Pete Buttigieg ve Chasten Glezman, Evlilikleri, South Bend, ABD, 2018
İnsanlar neden evlenirler? Onları evlenmeye yönlendiren nedir? Evlilik, kültürel prensipler ve dini kurallarla mı kurulmalıdır yoksa duygusal ve fiziksel tatmine dayanan bir karşılıklılıkla mı? Peki hukuk buna bağlı olarak nasıl şekillenir? Bu soruların cevabını vermek için evlilik, hukuk ve toplum üzerine yeniden düşünmemiz gerekiyor.
ABD’nin 46. başkanı Joe Biden, 13 Aralık 2022’de Evlilik İçin Saygı Yasasını imzaladı. Yasa eşcinsel, farklı etnik, ırk ve dini kimlikler üzerinden kurulan evlilikleri koruma amacıyla hazırlandı ve imzalandı. Başkan Biden, Beyaz Saray’ın bahçesinde yasayı imzalarken yaptığı konuşmada şu sözleri kullandı:
‘‘Evlilik basit bir önermedir. Kimi seviyorsun? Ve sevdiğin kişiye sadık olacak mısın? Bundan fazlası değildir.’’
Bu cümle esasen evliliğin hür irade ve birbirini seven partnerlerle kurulduğunu belirten, kapsayıcı ve insan iradesine vurgu yapan bir önerme barındırıyor. Biliyoruz ki dünyanın her yerinde evlilik, karşılıklı rızayı önceleyen ve duygu-temelli oluşan bir etkinlik değil çünkü evlilik, içinde bulunulan toplumun cinsiyet rolleri ve sosyal doktrinleri üzerinden bir geleneğin üreticisi olarak kullanılan, basmakalıp olarak teşvik edilen, yasal bir tanınma nişanesi olarak kutsallaştırılabilir. Yine de evlilik, toplumlar ve kültürler içinde farklı formlar ve anlamlar kazanabilir. Kültürler ve töreler sosyo-cinsel normları yaratırken topluluğun iradesini ve eylemlerini denetleyen otorite de evliliğin sınırlarına ve meşrutiyetini bu yolla belirlemiş olur. Böylece evlilik, bir etkinlik olarak insan yaşamının merkezine yerleşir çünkü bir nevi topluma üye yetiştiren bir kurum olan aileyi oluşturur. Aile de statükonun üreticisi ve bir tür düzen mekanizması olarak toplumdaki her üye için teşvik edilen bir birim haline gelir.

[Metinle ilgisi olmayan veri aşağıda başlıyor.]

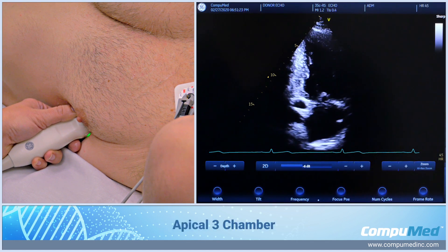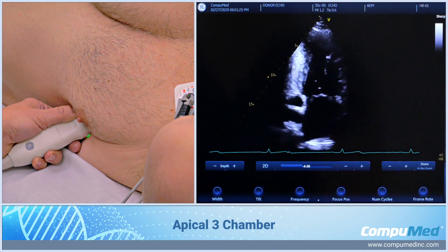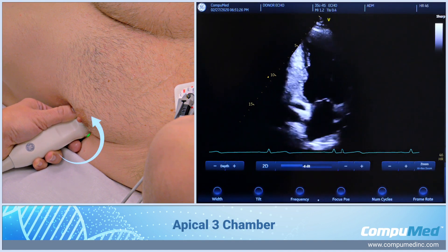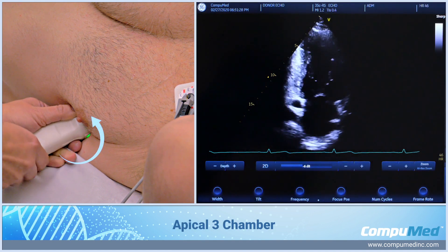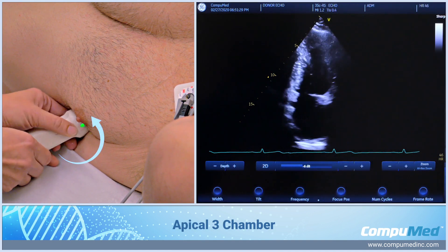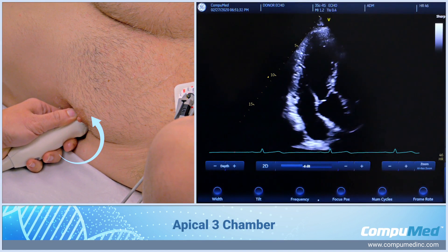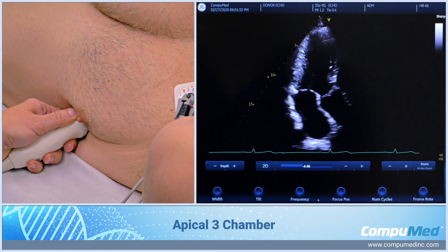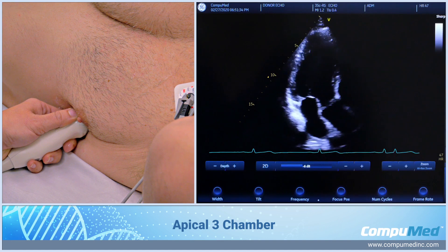From here, to get to an apical 3-chamber, I'm going to keep rotating my transducer counterclockwise towards 11 o'clock. And now I have an apical 3-chamber.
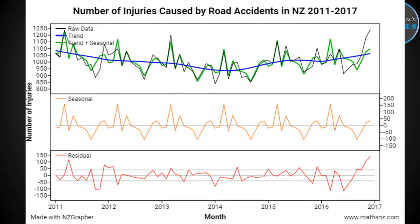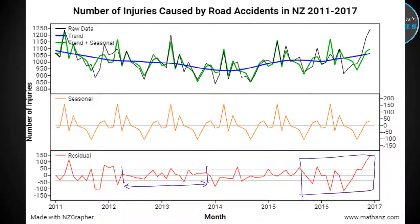We can split the graph into different sections. For example, there's a section where it doesn't really go outside of the 10%, so in that time period we can say the model is a better fit. Compared to the end of the graph, where it fluctuates quite a lot and goes well outside 10%, we might say that in recent years the data wasn't following the model — perhaps something changed. You'd want to research what might have caused the data to diverge so much from the model that was tracking reasonably well before.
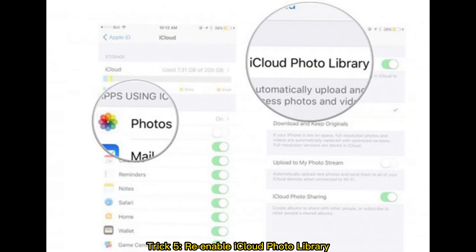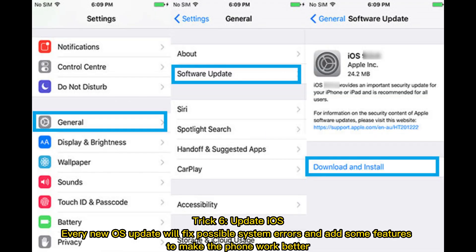Trick 5: Re-enable iCloud Photo Library. Trick 6: Update iOS. Every new OS update will fix possible system errors and add some features to make the phone work better.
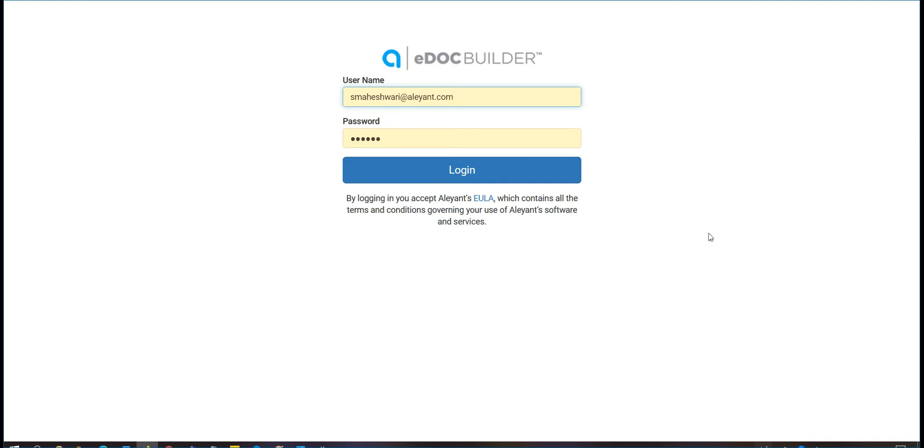Please check your welcome letter to know the correct URL that will allow you to access your eDocBuilder. Now, let's log in to eDocBuilder.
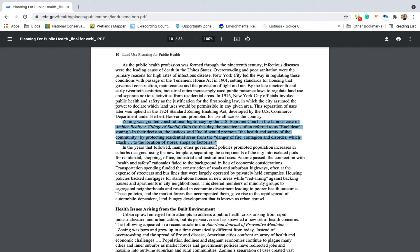Moratoriums are never simple. The difficult questions of how to address health concerns while protecting private property rights is where the interesting work lies. But what do you think? Do you have any thoughts on real estate moratoriums? Let us know in the comments.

Halbuki aile, toplumu oluşturan diğer öğeler gibi, sosyal bir inşanın ürünüdür. Dolayısıyla tek bir formda ve monolitik değildir. Düşünceden, değerlerden ve önceliklerden etkilenir. Bunlarla meydana gelen resmileşmiş kurumlarla hukuki bir statü kazanır. O halde bir toplumun önceliklileri ne olmalıdır? Hukuk, bu öncelikleri düzenleyen bir araç olarak nasıl işlemelidir?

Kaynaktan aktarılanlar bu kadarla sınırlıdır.